When conventional medicine fails, when we must confront pain and death, of course we are open to other prospects for hope.

And, after all, some illnesses are psychogenic. Many can be at least ameliorated by a positive cast of mind. Placebos are dummy drugs, often sugar pills. Drug companies routinely compare the effectiveness of their drugs against placebos given to patients with the same disease who had no way to tell the difference between the drug and the placebo. Placebos can be astonishingly effective, especially for colds, anxiety, depression, pain, and symptoms that are plausibly generated by the mind. Conceivably, endorphins -the small brain proteins with morphine-like effects - can be elicited by belief. A placebo works only if the patient believes it’s an effective medicine. Within strict limits, hope, it seems, can be transformed into biochemistry.

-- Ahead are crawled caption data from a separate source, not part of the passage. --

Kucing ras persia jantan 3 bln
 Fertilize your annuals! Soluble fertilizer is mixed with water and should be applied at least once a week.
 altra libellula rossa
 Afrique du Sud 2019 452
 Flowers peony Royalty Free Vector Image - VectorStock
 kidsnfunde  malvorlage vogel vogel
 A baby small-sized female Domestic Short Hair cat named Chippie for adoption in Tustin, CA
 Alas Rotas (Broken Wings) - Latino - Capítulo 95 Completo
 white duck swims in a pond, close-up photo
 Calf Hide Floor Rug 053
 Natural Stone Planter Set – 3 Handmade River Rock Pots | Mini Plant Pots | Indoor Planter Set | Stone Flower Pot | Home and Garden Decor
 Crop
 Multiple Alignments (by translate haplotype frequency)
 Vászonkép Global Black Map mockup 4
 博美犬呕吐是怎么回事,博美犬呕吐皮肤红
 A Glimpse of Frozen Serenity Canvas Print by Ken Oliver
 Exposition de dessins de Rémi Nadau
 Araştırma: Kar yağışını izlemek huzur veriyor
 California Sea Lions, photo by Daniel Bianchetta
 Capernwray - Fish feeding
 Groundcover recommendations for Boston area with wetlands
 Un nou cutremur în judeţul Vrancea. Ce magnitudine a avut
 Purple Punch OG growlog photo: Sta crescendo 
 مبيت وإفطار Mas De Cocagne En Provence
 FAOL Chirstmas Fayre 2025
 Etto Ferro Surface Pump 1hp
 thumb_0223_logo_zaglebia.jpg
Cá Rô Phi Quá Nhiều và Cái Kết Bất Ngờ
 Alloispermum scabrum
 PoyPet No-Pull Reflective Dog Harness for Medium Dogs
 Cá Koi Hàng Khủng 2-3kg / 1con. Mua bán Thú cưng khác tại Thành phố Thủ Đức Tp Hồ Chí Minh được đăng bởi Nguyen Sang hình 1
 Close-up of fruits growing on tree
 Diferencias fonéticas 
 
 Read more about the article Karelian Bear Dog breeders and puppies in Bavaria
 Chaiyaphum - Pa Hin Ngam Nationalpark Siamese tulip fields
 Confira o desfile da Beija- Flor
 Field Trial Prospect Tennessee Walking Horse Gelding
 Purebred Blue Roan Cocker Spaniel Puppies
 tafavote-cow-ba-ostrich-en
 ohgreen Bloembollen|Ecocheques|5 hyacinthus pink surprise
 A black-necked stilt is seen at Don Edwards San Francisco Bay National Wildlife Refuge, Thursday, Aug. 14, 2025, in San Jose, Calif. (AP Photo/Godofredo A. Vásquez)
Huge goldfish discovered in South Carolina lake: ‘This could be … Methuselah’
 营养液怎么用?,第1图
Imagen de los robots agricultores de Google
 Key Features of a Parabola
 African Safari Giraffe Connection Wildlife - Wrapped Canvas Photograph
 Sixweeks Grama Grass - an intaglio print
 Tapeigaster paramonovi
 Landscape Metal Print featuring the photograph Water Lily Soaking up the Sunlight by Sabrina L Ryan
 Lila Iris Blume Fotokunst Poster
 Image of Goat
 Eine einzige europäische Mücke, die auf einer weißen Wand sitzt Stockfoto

As a typical example, consider the nausea and vomiting that frequently accompany the chemotherapy given to cancer and AIDS patients. Nausea and vomiting can also be caused psycho-genically, for instance by fear. The drug ondansetron hydrochlo-ride greatly reduces the incidence of these symptoms; but is it actually the drug or the expectation of relief? In a double-blind study 96 per cent of patients rated the drug effective. So did ten per cent of the patients taking an identical-looking placebo.

In an application of the fallacy of observational selection, unanswered prayers may be forgotten or dismissed. There is a real toll, though: some patients who are not cured by faith reproach themselves - perhaps it’s their own fault, perhaps they didn’t believe hard enough. Scepticism, they are rightly told, is an impediment both to faith and to (placebo) healing.

Nearly half of all Americans believe there is such a thing as psychic or spiritual healing. Miraculous cures have been associated with a wide variety of healers, real and imagined, throughout human history. Scrofula, a kind of tuberculosis, was in England called the ‘King’s evil’, and was supposedly curable only by the King’s touch. Victims patiently lined up to be touched; the monarch briefly submitted to another burdensome obligation of high office, and, despite no one, it seems, actually being cured, the practice continued for centuries.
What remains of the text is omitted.